Les partisans de la Terre ont finalement gain de cause car « Seul un écosystème de la taille de la Terre et son cycle écologique d'une extraordinaire vigueur, sera capable de perpétuer la vie. Si l'humanité part dans l'espace en abandonnant sa Terre, elle sera comme un nouveau-né privé de sa mère au milieu d'un désert ».

Du fait des progrès de la technologie, et au moyen de propulseurs surpuissants, nous assistons aux différentes étapes de l'émigration depuis l'Ere du freinage, lorsque les propulseurs interrompent la rotation de la Terre en générant une poussée de sens inverse du mouvement de la planète, jusqu'à l'Ere néosolaire permettant de rallier l'orbite de Proxima du Centaure. En passant par la fuite, l'errance, dont vous imaginez bien les difficultés…Un exode de deux mille cinq cent ans qui concerne ainsi cent générations d'humains, contraints de vivre terrés.
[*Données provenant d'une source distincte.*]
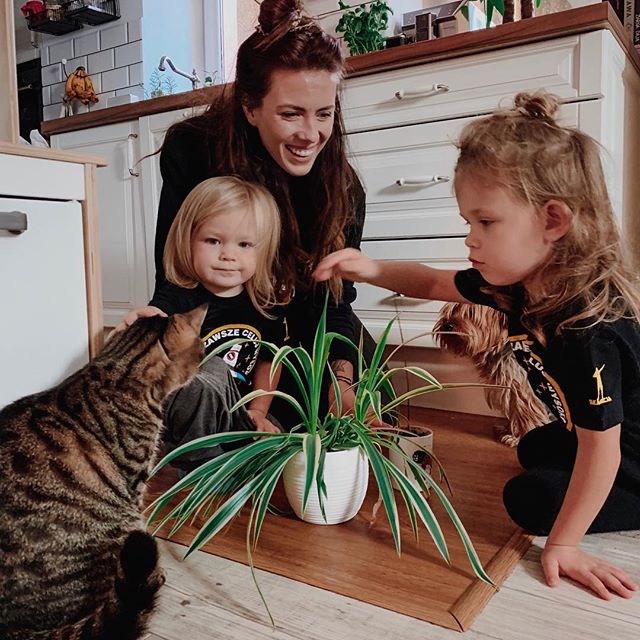 Dbajmy o siebie nawzajem. O swoich bliskich. O zwierzęta które mamy. O rośliny. 🌱
.
Niedawno jedna z naszych obserwatorek myślała, że kupiliśmy sobie psa. Rzadko tutaj wstawiamy zdjęcia w naszym pełnym składzie, dlatego dziś zaprosiliśmy na fotkę naszą sunię- Bubę oraz kotkę- Makówę 🐕🐈 A Wy? Wiedzieliście, że mamy zwierzaki czy właśnie się dowiedzieliście? .
.
#rodzina#polskarodzina#kocham#mojecórki#córki#jestembojestes#mamadwojki#mama#familytime#niedziela#lazysunday#wdomunajlepiej#wdomu#naszedomowepielesze#zwierzaki Dbajmy o siebie nawzajem. O swoich bliskich. O zwierzęta które mamy. O rośliny. 🌱
.
Niedawno jedna z naszych obserwatorek myślała, że kupiliśmy sobie psa. Rzadko tutaj wstawiamy zdjęcia w naszym pełnym składzie, dlatego dziś zaprosiliśmy na fotkę naszą sunię- Bubę oraz kotkę- Makówę 🐕🐈 A Wy? Wiedzieliście, że mamy zwierzaki czy właśnie się dowiedzieliście? .
.
#rodzina#polskarodzina#kocham#mojecórki#córki#jestembojestes#mamadwojki#mama#familytime#niedziela#lazysunday#wdomunajlepiej#wdomu#naszedomowepielesze#zwierzaki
Au-delà des aspects scientifiques qui expliquent les étapes de ce processus inimaginable, ce qui est passionnant sont les impacts que développe Cixin Liu d'une telle épopée, impacts terrestres, climatiques, phénomènes physiques, mais surtout impacts sur les humains. Désirs, craintes, centres d'intérêt, organisation sociétale sont détaillés et, fait passionnant, la culture chinoise imprègne le récit. Il m'est d'avis, comme nous en discutions avec @Indimoon (dont la critique sur ce livre est selon moi une référence) que nombre de réactions ne seraient pas les mêmes si ce récit avait été imaginé et écrit par un auteur occidental. Que ce soit le respect strict et soumis de protocoles d'urgence pour évacuer les lieux alors qu'une vague de lave se répand dans les souterrains, ou la mise en sommeil des sentiments amoureux en cette période où la survie est devenue la priorité absolue, la culture chinoise donne au récit une coloration singulière.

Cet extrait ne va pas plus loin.